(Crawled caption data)
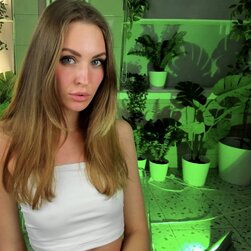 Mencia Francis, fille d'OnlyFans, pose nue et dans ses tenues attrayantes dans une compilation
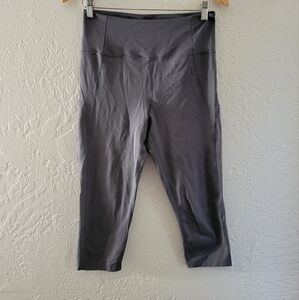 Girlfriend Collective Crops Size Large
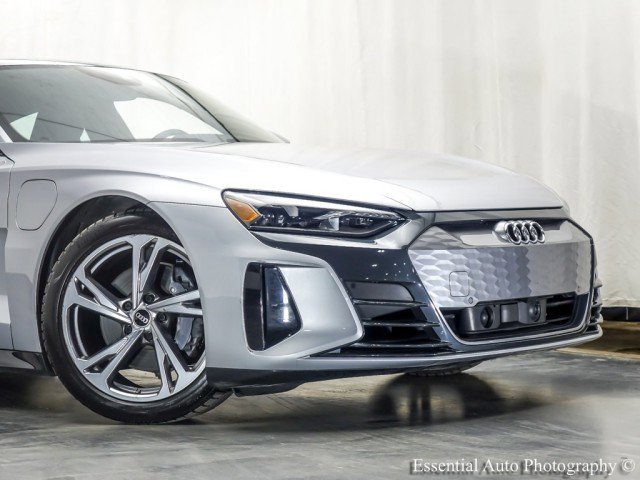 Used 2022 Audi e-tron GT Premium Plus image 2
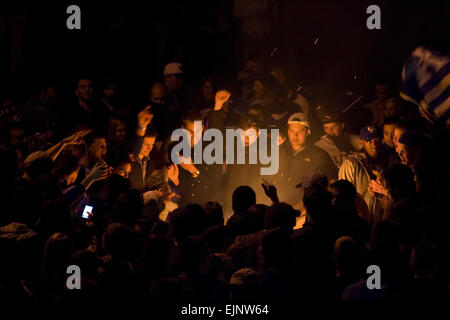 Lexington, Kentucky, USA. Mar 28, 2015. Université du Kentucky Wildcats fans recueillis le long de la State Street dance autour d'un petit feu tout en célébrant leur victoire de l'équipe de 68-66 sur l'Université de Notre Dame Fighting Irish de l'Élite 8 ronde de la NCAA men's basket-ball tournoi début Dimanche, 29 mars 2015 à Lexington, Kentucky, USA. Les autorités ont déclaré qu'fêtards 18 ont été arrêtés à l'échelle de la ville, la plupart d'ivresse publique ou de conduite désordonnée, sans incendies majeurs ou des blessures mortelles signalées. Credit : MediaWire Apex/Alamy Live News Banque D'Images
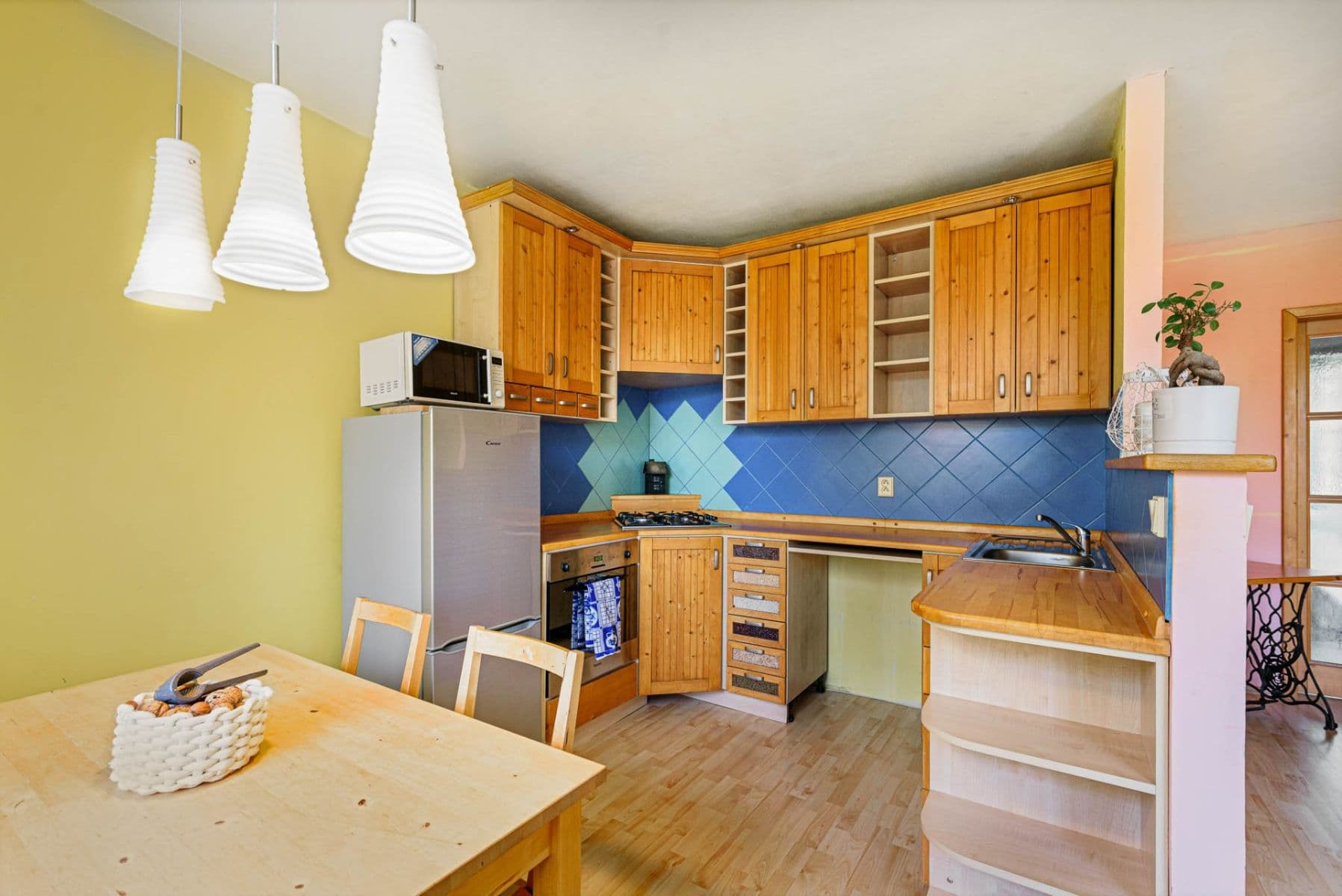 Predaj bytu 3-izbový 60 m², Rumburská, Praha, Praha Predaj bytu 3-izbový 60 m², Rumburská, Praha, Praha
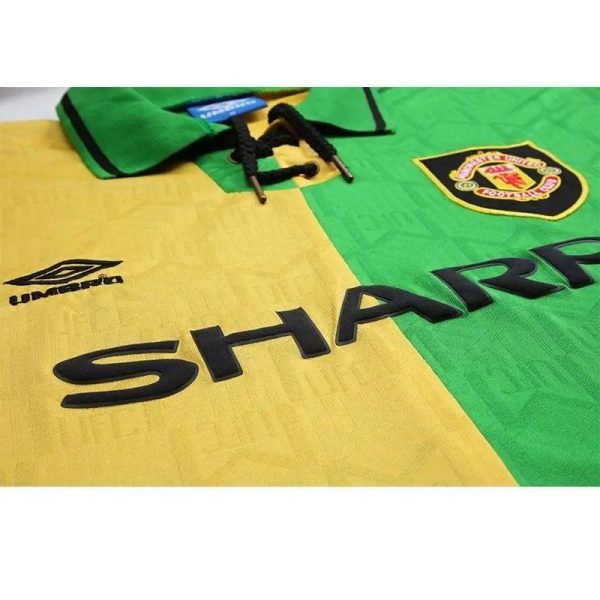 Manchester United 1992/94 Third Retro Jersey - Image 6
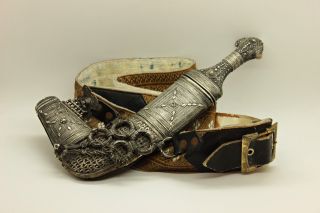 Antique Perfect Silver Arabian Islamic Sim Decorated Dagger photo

# ACTIVITY
Write the entries above out again exactly, omitting each image.

# EXPECTED ANSWER
 Mencia Francis, fille d'OnlyFans, pose nue et dans ses tenues attrayantes dans une compilation
 Girlfriend Collective Crops Size Large
 Used 2022 Audi e-tron GT Premium Plus image 2
 Lexington, Kentucky, USA. Mar 28, 2015. Université du Kentucky Wildcats fans recueillis le long de la State Street dance autour d'un petit feu tout en célébrant leur victoire de l'équipe de 68-66 sur l'Université de Notre Dame Fighting Irish de l'Élite 8 ronde de la NCAA men's basket-ball tournoi début Dimanche, 29 mars 2015 à Lexington, Kentucky, USA. Les autorités ont déclaré qu'fêtards 18 ont été arrêtés à l'échelle de la ville, la plupart d'ivresse publique ou de conduite désordonnée, sans incendies majeurs ou des blessures mortelles signalées. Credit : MediaWire Apex/Alamy Live News Banque D'Images
 Predaj bytu 3-izbový 60 m², Rumburská, Praha, Praha Predaj bytu 3-izbový 60 m², Rumburská, Praha, Praha
 Manchester United 1992/94 Third Retro Jersey - Image 6
 Antique Perfect Silver Arabian Islamic Sim Decorated Dagger photo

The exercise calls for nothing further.